■ GIVEN MATERIAL:
§ §

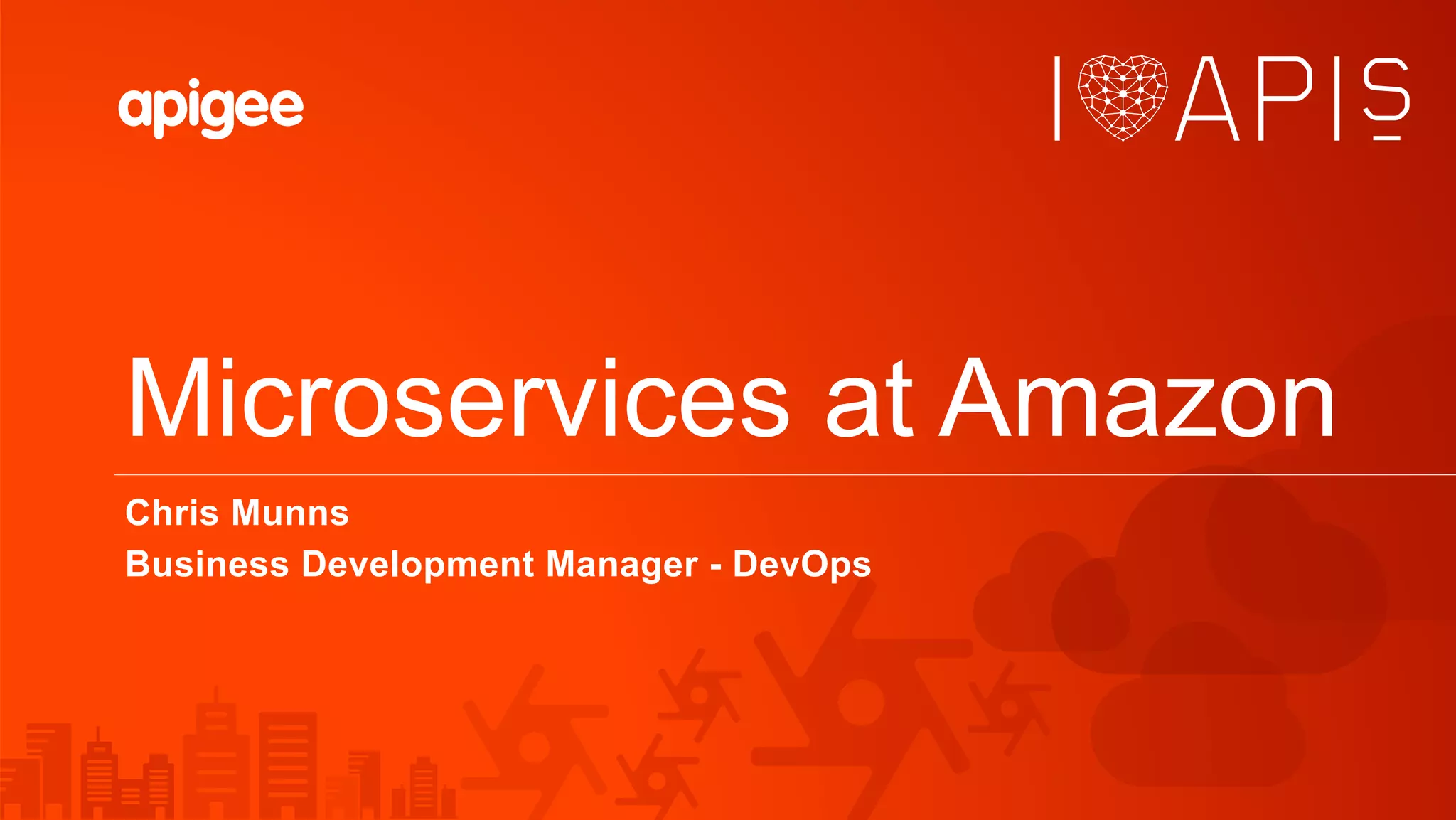 Microservices at Amazon
Chris Munns
Business Development Manager - DevOps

§ §

■ PROBLEM DETAILS:
Please retype the listing exactly, leaving out any images.

■ SOLUTION TO THE PROBLEM:
 Microservices at Amazon
Chris Munns
Business Development Manager - DevOps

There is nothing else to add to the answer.